‘Grow your own’ no economic saviour

Ah, spring.

I’ve been out in the vege garden, spreading compost and planting potatoes.

The weather has been great for it, too.

I’m trialling a new seed mix that’s worked well.

We have lots of baby plants — peas, tomatoes, silverbeet, and more.

We should have potatoes and peas for Christmas when the kids are home, and maybe even the first cucumbers.

I tell you what I’m not doing, though.

All this gardening isn’t saving me any money.

That seems crass — why would I bring that up?

The cost of living has people talking about home gardens and food security.

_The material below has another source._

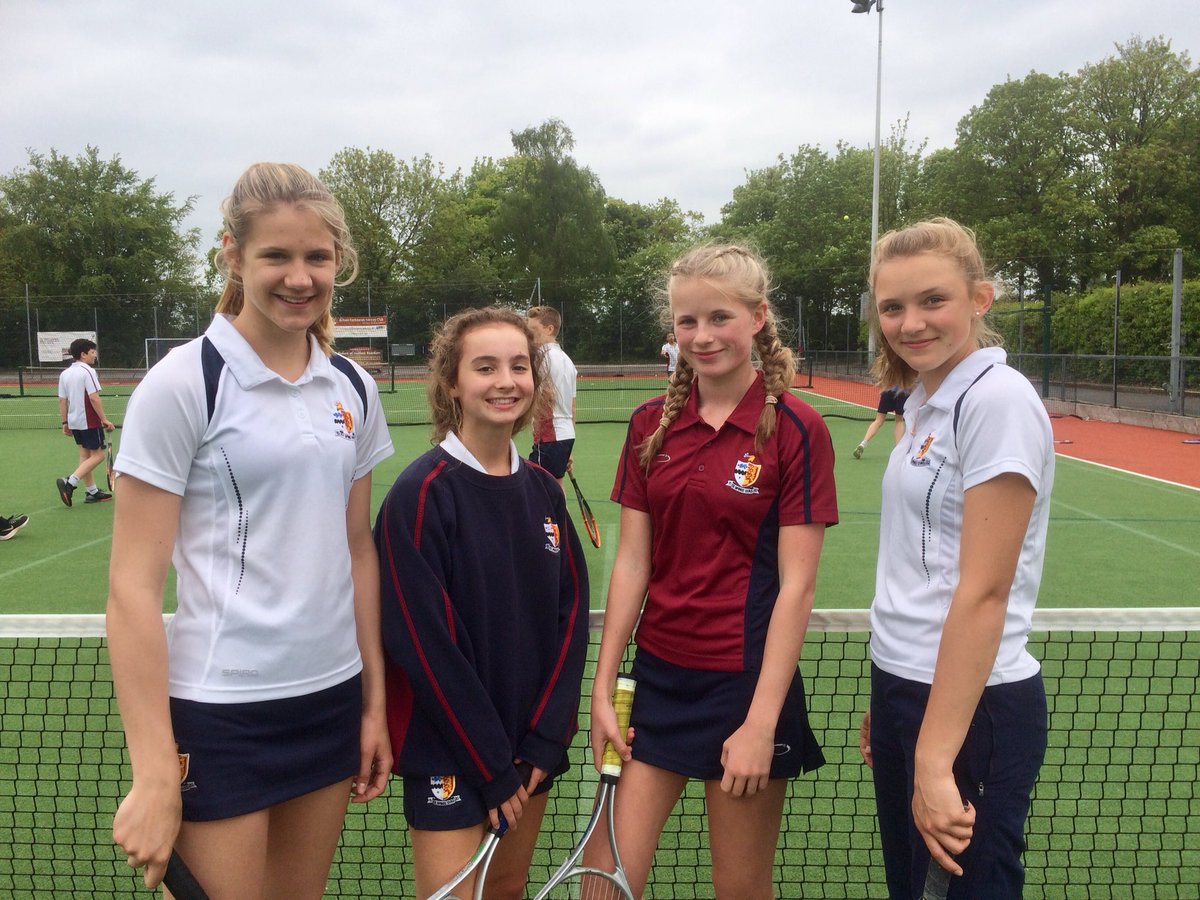 Finalists in year 10 house tennis. Well done girls! #hilliardshouse #thesegirlscan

The idea is that people can cut their grocery bills by growing their own food.

We have a garden and some fruit trees.

So, yes, in the summer we buy almost no fruit, and we have lots of fresh veges. We probably save $20 or $30 a week at the supermarket.

The problem is that all the tools and materials for gardening cost that much and more. We had a real win with cucumbers last season. The greenhouse produced one a day when they were a few dollars each in the shop.

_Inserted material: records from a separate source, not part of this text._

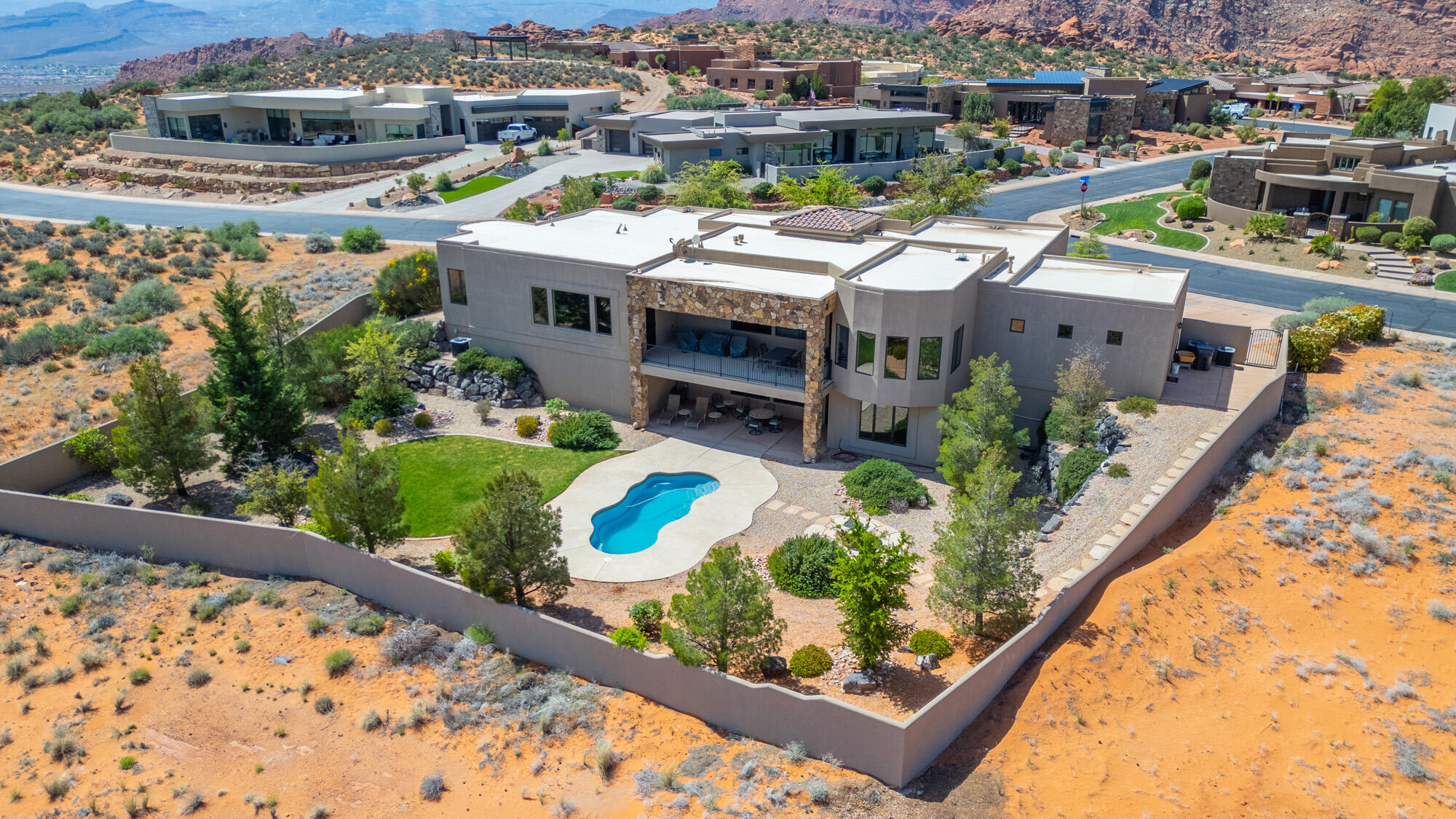 4976 N MESQUITE DR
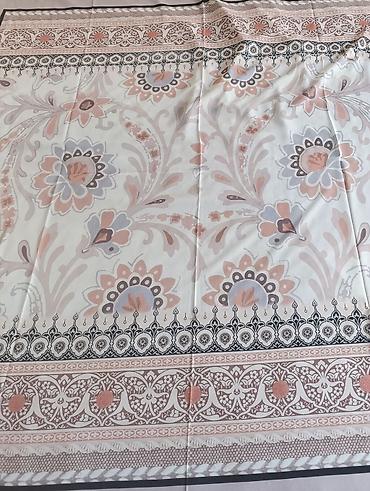 Шарфы, палантины: Шелковый платок с узором. Отличается изысканным дизайном с — 3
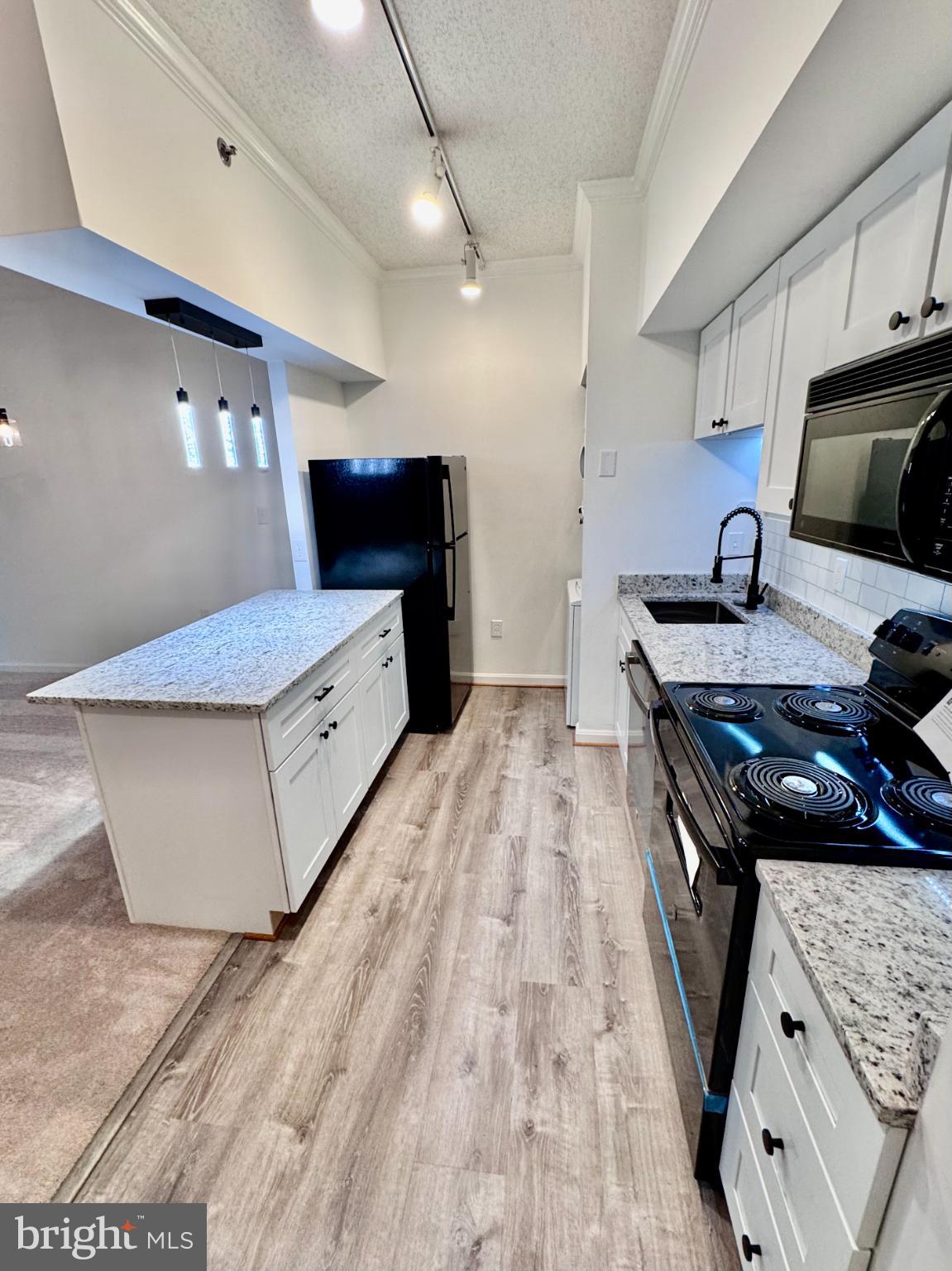 1211 S EADS STREET 1009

We probably saved $100. Of course, the greenhouse cost a couple of grand, so we are still behind in dollar terms. I built a cage to protect the strawberries from birds. We got a punnet of strawberries a day for a month.

But the cage has metres of wood and screen in it. Any food savings went straight to the hardware store.

You don’t have to spend as much on a garden as we do.

But then, you probably won’t produce as much.

You’ll also have to spend more time on it.

For example, we have automatic watering set up. Without it, we would spend a half an hour every day watering the garden.

The thing about the industrialised agri-food system — the way we grow, process and distribute most of our food — is that it is economically efficient.

Per hour of labour and per dollar of inputs, it works really well compared to the alternatives.

Our home garden just cannot compete with that system on costs.

Food security should be about making sure that everyone is well served by the agri-food system.

Otherwise, they are spending money and time on inefficient alternatives.

There are lots of other reasons to garden, of course. Freshly dug waxy potatoes at Christmas are delicious.

But they are not making a dent in the cost of living.